Ефремова очень любили женщины. Почти каждая прима этого театра хотела быть с ним, обожала его и делала все для того, чтобы ситуация сложилась для него наиболее легким образом. И надо сказать, что никто из них его не разлюбил. Они оставались не просто лояльны к нему, он оставался частью их биографии, их жизни, которой они очень дорожили впоследствии. Это были красивые, милые и очень добрые к нему женщины. Это было как у крупных художников.
Эрнст Неизвестный, когда мы видели очередную барышню в его мастерской – а мы бывали там с Андреем Андреевичем очень часто, – говорил, что если у него ночью не было женщины, то на другое утро ему нечего делать. Может быть, такая крайность бывала у Пикассо или у Дали. Многим скульпторам, художникам нужна подпитка, допинг в виде красоты, любви к ним. Я думаю, что для Олега Ефремова это была та же страсть, что и театр, но театр – постоянная величина, он никуда не мог от него двинуться и ушел обратно в театр из общественного дурмана, натолкнувшись на многие запреты, цензуру.

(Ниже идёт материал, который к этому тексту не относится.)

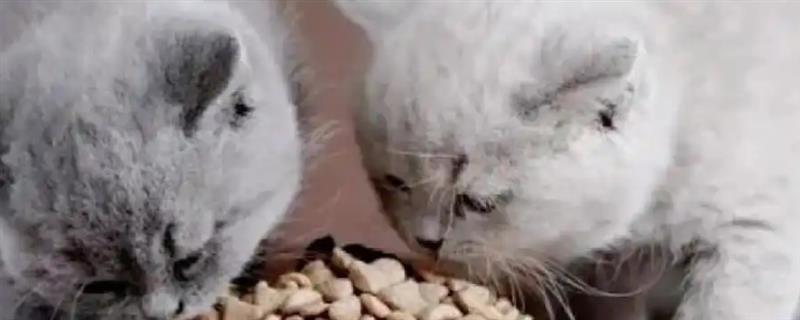 为什么要给猫咪换粮，可有效防止营养不平衡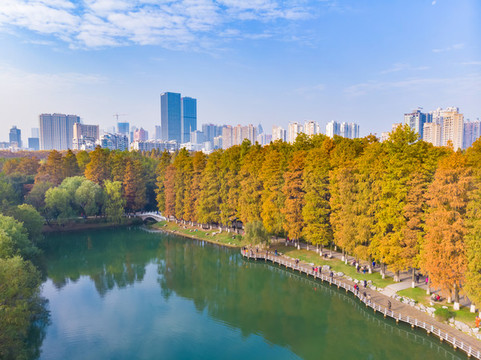 湖北武漢解放公園深秋初冬風(fēng)光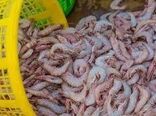 استفاده از شرکت‌های دانش‌بنیان جهت ارتقای بهره‌وری مزارع پرورش میگو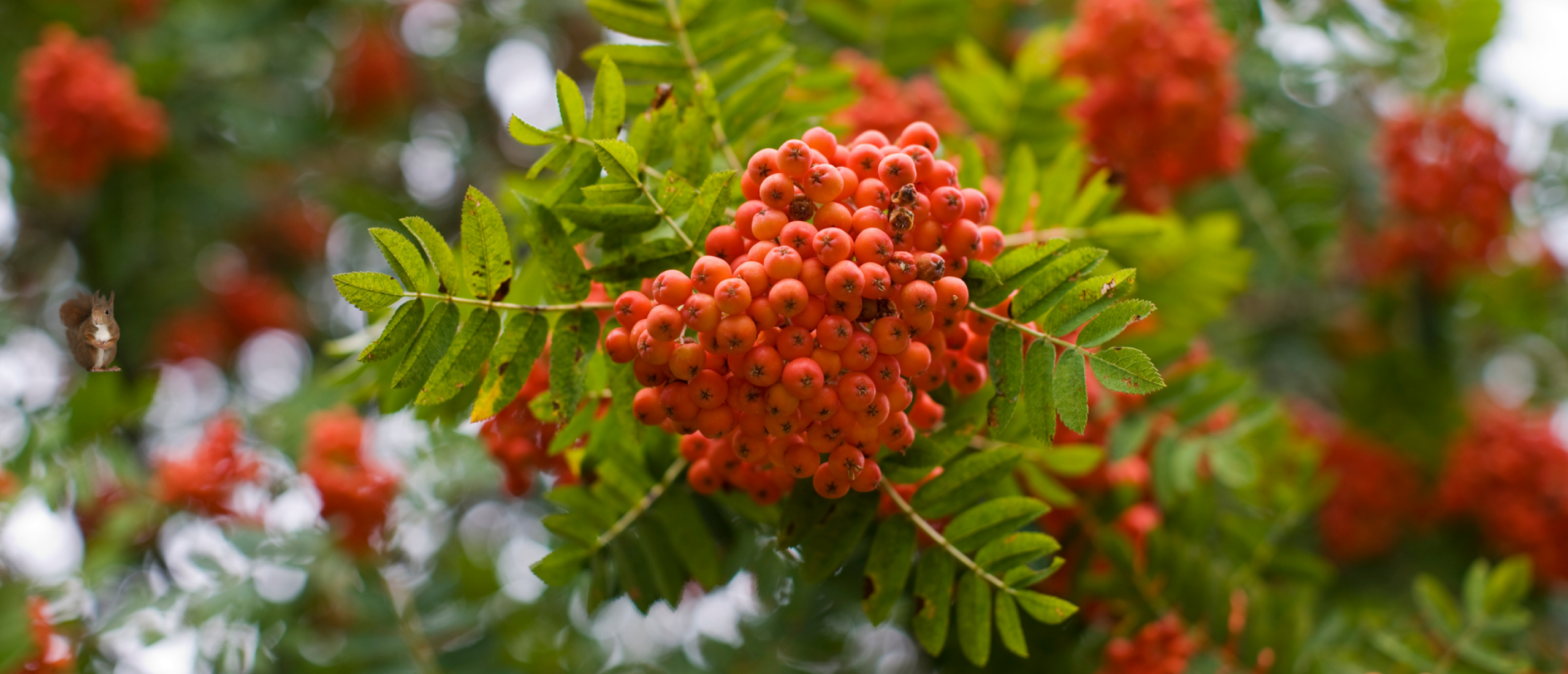 groen-geluk_lijsterbes_bomen-in-je-tuin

Крах иллюзий, крах времени, которое постепенно ожесточалось, на его личности сказались очень сильно. Очень. Любимов уехал и осуществился, он был режиссером на Западе, имел громадный авторитет, не простаивая ни минуты. У Ефремова была одна, но пламенная страсть – Россия, театр. И ему хотелось посадить все эти деревья именно на родной почве. Он хотел, чтобы здесь спектакль гремел. Он пытался устроить так, чтобы и другие люди были в это вовлечены. Он был человеком коллективным, человеком команды, лидером.
У него потрясающие постановки. Как можно было так ставить спектакль, чтобы каждая фраза получалась отточенной, как рапира, попадала в цель общественной сообразности. Везде был подтекст. Прочитывалось любое имя, любой контекст, как какой-то манифест. Одновременно с этим, конечно, он открывал замечательных драматургов – Александра Володина, Михаила Рощина. Например, «Старый Новый год» Рощина. Искрометная комедия. И актеры были – Вячеслав Невинный, Евгений Евстигнеев, большая плеяда влюбленных в Ефремова актеров, с которыми он ссорился, расставался. Были очень крупные величины, которые покинули Ефремова. Не ужился Олег Борисов, гениальный актер, какие-то были противостояния с Иннокентием Смоктуновским. С женщинами, с актрисами было легче.
Я очень любила Ефремова по-человечески, у него обаяние было несказанное. Мне так интересно с ним было, и я очень долго с ним говорила, иногда часами.
14
Скорее всего, это было сказано по поводу постановки спектакля «Серебряная свадьба» по пьесе А. Мишарина «В связи с переходом на другую работу».